Port scans (as its name implies) directed to ports and the response received gives the hacker an idea of the systems integrity and to help set them up for a later intrusion. Port scans are the most common probing tool available. Port scans take ping sweeps to a different level. Port scans actually “look” at a machine that is alive and scan for an open port. Once the open port is found, it scans the port to find the service it is running. All machines connected to a Local Area Network or Internet run many services that connects at well-known and not so well known ports. A port scan helps the attacker find which ports are available. Essentially, a port scan consists of sending a message to each port, one at a time. The kind of response received indicates whether the port is used and can therefore be probed further for weakness.
Protecting the machines from such attacks can be very easy. One important rule is to remember at all times to assume vulnerability. No one machine on a network is completely safe from an intruder.
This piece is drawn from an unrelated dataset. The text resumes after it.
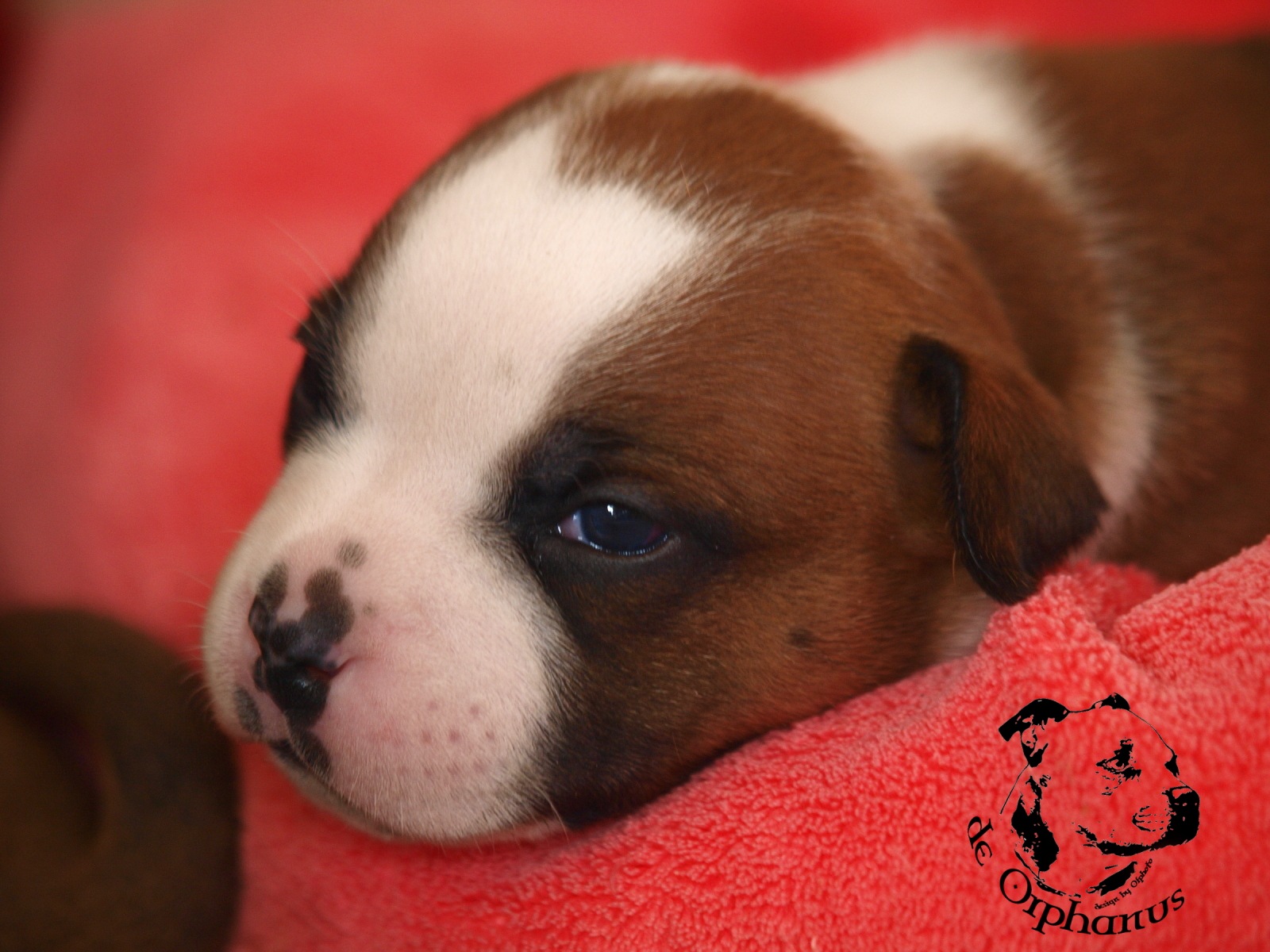 Staffordshire bull terier vrh I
The best way to protect the machine is not to expose any important security information on a machine. Passwords, SSN, financial information and password hints should be kept on an encrypted flash drive. Keeping this information stored on a computer is like having the password to an ATM card in your purse or wallet. It allows the intruder to get your information faster.
A ping sweep is a basic networking scanning technique used to determine which range of IP addresses map to live hosts. A single ping will tell whether one specified host computer exists on the network. A ping sweep consists of Internet Control Message Protocol (ICMP) Echo requests sent to multiple hosts, this is done to determine which machines are alive and which ones aren’t. If a given address is live, it will return an ICMP Echo reply. Once the hacker knows which machines are alive, he or they can focus on which machines to attack and work from there. Not only hackers perform ping sweeps, system administrator may be trying to find out which machines are alive on a network for diagnostics reasons. The system administrator can use ping sweeps for trouble shooting purposes or even for licenses issues. Pings sweeps should be detected by an Intrusion Detection System, but to avoid potential DOS attacks, or intrusions, system administrators need to use other methods to test connectivity. Since using ping sweep can help hacker, one can have the ping sweep turned on only when someone is testing the network connectivity.
The first step to network security is to know what is happening. If you don't have firewalls or IDS systems, then you have no way of even knowing that you are probably getting scanned multiple times daily, and if you are running services such as remote login (SSH, RDP) then you are already under attack. You need to implement IDS such that attacks are immediately addressed. It is not free. It costs time and/or money whether you do it in-house or use a third party.